━━ DATASET RECORDS

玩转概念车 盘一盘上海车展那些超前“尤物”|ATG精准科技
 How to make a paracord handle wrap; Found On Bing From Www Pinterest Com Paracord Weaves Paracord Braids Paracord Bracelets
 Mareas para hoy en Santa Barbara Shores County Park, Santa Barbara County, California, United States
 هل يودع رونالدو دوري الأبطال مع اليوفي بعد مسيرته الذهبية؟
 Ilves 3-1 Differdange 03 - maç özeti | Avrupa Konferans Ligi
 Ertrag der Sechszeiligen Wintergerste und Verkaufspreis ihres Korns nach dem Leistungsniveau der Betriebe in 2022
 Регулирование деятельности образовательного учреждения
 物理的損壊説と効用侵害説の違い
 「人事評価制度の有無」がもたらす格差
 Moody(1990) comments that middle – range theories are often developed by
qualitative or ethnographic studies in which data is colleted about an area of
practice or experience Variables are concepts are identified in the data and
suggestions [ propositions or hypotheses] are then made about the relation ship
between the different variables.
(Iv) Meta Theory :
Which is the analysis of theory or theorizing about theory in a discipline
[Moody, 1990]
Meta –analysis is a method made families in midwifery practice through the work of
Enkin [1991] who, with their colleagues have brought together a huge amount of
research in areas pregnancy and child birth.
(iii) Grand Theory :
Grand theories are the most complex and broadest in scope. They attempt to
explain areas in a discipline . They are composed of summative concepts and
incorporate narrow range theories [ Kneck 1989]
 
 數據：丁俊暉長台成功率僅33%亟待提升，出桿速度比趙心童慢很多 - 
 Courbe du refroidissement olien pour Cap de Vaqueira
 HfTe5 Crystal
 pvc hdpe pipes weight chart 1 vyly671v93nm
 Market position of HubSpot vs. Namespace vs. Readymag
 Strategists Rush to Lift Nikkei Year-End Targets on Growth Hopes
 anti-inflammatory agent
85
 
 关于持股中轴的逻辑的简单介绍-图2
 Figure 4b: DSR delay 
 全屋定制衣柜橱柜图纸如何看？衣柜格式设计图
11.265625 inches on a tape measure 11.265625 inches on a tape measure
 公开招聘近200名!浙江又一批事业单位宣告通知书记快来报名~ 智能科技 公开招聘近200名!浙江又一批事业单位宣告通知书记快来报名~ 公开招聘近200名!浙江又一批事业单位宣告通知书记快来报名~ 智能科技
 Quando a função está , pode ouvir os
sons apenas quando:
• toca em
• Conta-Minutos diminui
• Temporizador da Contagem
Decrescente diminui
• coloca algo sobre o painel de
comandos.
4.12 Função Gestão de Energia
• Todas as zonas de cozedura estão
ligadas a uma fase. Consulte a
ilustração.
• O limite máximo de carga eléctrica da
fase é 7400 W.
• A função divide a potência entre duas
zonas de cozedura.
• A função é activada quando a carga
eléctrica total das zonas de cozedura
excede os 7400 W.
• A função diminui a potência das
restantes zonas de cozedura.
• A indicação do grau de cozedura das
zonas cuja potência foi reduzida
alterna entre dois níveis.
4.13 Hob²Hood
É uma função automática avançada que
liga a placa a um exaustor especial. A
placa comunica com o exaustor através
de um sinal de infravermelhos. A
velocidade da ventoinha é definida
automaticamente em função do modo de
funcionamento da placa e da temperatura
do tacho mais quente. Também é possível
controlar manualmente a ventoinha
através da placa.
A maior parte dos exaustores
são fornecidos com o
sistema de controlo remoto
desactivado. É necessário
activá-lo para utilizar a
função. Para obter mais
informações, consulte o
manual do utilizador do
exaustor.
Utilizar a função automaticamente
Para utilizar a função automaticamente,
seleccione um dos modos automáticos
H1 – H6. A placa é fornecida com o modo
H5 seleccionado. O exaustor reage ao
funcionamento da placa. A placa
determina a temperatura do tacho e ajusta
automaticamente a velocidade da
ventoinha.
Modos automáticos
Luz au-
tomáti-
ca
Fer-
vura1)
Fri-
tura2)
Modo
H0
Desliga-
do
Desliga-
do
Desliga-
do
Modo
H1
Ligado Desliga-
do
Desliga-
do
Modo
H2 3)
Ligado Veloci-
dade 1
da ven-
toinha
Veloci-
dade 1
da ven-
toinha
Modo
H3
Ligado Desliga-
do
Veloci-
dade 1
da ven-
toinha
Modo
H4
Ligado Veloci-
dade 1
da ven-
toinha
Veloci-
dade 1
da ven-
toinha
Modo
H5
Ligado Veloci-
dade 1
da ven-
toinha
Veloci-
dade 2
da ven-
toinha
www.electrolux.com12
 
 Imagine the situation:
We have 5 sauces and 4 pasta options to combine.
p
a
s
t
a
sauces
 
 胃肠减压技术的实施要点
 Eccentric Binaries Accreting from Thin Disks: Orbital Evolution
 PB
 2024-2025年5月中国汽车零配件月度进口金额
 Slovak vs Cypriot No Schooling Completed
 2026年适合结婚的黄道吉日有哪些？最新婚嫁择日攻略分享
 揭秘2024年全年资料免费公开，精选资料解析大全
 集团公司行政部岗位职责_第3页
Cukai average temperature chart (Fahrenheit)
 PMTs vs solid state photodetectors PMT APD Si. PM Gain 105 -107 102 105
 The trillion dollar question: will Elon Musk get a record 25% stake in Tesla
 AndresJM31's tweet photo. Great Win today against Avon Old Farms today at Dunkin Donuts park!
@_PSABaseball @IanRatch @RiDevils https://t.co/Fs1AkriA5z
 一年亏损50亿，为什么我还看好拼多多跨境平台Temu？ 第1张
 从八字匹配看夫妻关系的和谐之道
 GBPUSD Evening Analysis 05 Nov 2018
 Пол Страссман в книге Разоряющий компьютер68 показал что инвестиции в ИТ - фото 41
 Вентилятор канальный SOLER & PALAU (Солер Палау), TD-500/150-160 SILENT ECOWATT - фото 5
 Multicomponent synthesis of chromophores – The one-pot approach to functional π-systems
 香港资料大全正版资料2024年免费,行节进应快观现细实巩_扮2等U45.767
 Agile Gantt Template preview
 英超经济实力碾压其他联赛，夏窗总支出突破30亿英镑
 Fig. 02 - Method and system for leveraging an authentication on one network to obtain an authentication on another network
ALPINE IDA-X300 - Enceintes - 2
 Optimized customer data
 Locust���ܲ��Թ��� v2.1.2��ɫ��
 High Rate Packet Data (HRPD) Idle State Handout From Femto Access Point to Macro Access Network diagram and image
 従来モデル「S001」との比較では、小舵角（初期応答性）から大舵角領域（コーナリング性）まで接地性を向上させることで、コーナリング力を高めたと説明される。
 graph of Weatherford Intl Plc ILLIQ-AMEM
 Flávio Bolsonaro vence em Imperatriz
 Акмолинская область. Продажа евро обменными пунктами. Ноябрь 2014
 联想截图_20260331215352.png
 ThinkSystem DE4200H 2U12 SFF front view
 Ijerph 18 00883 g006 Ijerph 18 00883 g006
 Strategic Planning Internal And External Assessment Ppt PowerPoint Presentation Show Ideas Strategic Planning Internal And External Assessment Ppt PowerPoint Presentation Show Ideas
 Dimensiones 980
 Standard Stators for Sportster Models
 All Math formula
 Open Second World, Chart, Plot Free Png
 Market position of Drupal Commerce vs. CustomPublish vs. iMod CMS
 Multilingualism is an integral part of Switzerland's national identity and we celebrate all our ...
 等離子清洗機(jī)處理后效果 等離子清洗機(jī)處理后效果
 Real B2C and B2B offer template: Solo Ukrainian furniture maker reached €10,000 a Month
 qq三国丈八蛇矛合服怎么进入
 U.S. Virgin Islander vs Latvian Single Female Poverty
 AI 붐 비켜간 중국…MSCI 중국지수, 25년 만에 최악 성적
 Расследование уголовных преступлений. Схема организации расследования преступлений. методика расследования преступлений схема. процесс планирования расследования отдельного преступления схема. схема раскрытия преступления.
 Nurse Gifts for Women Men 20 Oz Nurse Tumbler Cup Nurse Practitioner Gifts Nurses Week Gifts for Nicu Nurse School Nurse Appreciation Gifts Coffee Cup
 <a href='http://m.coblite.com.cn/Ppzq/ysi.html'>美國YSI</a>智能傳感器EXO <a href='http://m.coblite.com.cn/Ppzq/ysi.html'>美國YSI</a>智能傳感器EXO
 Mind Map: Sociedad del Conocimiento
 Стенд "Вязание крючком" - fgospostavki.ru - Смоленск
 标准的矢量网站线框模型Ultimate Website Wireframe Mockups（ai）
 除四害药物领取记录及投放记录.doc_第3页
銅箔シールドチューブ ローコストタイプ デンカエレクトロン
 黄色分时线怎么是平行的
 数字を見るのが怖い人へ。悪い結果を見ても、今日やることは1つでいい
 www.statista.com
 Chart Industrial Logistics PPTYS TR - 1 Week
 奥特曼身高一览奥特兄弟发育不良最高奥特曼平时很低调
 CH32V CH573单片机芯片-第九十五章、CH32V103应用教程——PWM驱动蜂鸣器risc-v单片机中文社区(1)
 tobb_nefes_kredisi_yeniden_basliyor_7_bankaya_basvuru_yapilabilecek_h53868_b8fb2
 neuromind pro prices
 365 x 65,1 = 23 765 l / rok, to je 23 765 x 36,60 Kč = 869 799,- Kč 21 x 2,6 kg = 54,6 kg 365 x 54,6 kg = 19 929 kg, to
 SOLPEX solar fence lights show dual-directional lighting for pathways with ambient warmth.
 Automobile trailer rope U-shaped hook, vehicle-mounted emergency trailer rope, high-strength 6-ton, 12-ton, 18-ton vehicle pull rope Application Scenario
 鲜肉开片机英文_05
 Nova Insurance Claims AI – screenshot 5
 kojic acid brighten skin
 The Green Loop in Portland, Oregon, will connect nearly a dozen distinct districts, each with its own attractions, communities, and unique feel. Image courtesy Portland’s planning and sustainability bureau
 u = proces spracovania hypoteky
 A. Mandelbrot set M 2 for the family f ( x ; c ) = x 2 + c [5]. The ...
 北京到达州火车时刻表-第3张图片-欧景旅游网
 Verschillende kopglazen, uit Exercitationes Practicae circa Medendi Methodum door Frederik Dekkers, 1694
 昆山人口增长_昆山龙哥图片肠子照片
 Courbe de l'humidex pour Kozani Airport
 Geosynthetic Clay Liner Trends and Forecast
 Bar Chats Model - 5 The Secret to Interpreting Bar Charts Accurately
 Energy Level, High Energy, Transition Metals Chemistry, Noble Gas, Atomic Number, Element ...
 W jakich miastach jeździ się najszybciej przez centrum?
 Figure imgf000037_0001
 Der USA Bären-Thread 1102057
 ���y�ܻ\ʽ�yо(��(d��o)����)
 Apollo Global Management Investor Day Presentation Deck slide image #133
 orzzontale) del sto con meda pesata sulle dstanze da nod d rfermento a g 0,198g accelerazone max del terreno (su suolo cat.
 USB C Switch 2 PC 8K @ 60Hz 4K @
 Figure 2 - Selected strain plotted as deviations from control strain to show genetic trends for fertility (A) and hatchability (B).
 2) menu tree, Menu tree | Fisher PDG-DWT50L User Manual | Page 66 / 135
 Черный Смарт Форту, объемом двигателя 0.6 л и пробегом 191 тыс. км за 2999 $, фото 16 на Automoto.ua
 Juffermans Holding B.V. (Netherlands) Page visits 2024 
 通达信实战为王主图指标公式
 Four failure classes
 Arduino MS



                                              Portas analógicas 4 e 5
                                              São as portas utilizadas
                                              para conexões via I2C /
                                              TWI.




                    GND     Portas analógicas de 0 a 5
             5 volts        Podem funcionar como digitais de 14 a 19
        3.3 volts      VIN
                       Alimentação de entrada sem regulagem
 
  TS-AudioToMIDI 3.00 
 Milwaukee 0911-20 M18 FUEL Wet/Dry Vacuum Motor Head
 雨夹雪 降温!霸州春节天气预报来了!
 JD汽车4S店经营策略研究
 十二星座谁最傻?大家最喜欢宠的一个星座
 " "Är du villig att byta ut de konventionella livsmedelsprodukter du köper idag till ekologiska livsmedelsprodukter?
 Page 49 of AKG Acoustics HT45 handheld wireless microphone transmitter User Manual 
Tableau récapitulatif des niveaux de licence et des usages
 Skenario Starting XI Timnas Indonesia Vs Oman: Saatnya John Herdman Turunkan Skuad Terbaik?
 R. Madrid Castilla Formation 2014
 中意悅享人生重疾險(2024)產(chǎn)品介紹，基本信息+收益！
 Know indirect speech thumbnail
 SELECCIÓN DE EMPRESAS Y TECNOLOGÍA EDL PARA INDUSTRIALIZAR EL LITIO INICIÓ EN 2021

━━━━

-- WHAT IS NEEDED --
Reproduce verbatim the range of lines that opens the records and closes with the line containing "qualitative or ethnographic". Omit everything after it.

-- FINISHED EXERCISE --
玩转概念车 盘一盘上海车展那些超前“尤物”|ATG精准科技
 How to make a paracord handle wrap; Found On Bing From Www Pinterest Com Paracord Weaves Paracord Braids Paracord Bracelets
 Mareas para hoy en Santa Barbara Shores County Park, Santa Barbara County, California, United States
 هل يودع رونالدو دوري الأبطال مع اليوفي بعد مسيرته الذهبية؟
 Ilves 3-1 Differdange 03 - maç özeti | Avrupa Konferans Ligi
 Ertrag der Sechszeiligen Wintergerste und Verkaufspreis ihres Korns nach dem Leistungsniveau der Betriebe in 2022
 Регулирование деятельности образовательного учреждения
 物理的損壊説と効用侵害説の違い
 「人事評価制度の有無」がもたらす格差
 Moody(1990) comments that middle – range theories are often developed by
qualitative or ethnographic studies in which data is colleted about an area of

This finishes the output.